═════ Data
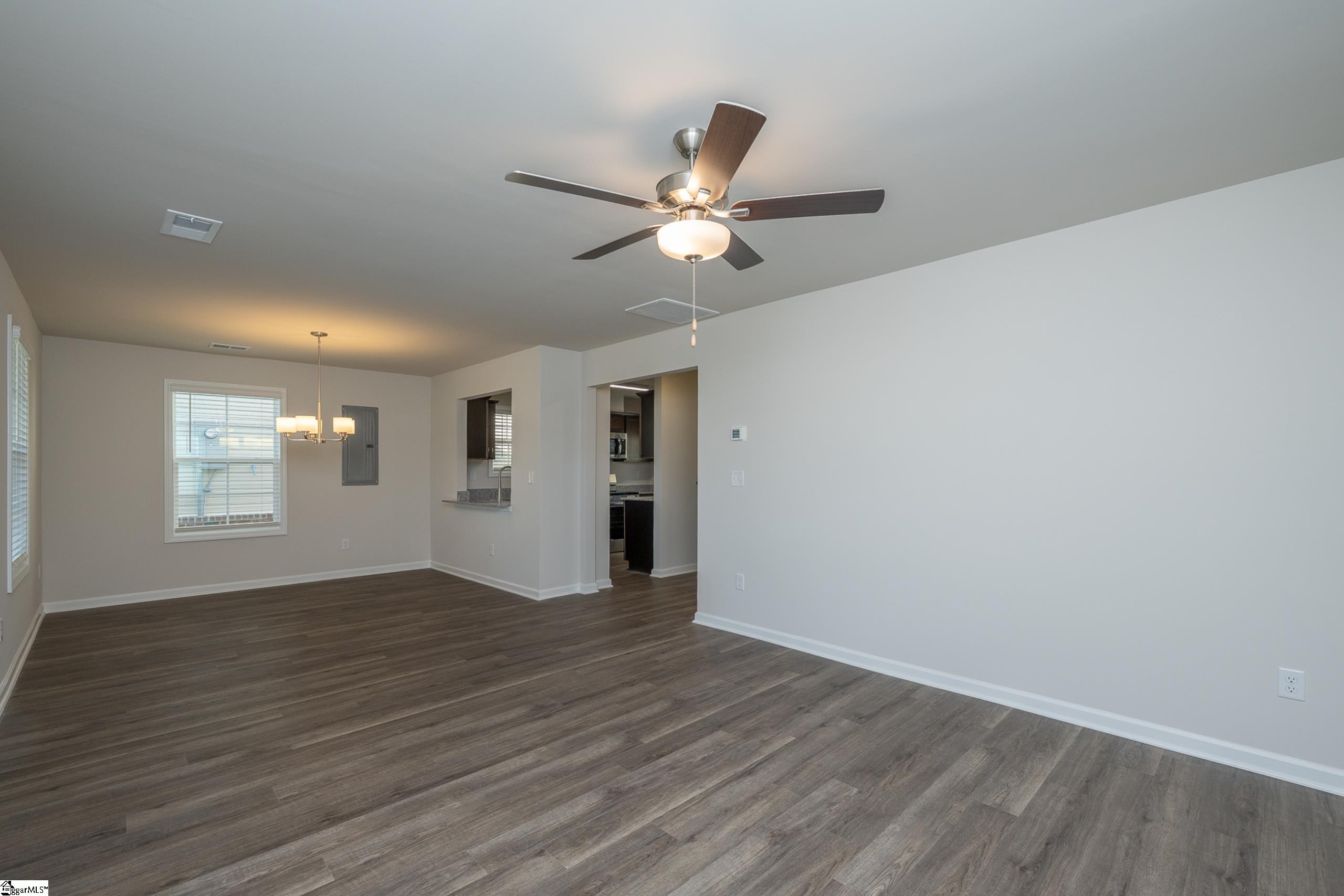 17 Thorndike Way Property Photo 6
══════════
═════ Data
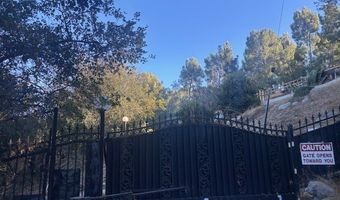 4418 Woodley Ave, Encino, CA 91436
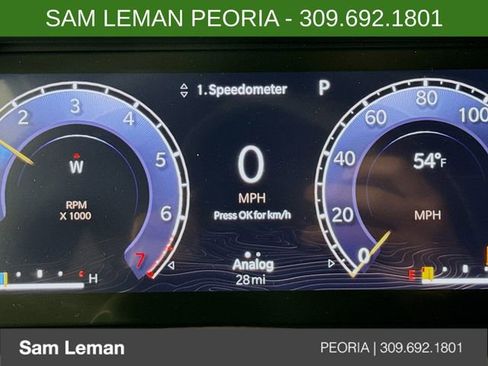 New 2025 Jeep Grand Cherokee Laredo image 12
══════════
#### Directions:
The output is the stretch above from the line with "4418 Woodley Ave, Encino, CA 91436" through the line with "New 2025 Jeep Grand Cherokee Laredo image 12", copied word for word with both ends kept and every picture dropped.

#### Exercise solution:
 4418 Woodley Ave, Encino, CA 91436
 New 2025 Jeep Grand Cherokee Laredo image 12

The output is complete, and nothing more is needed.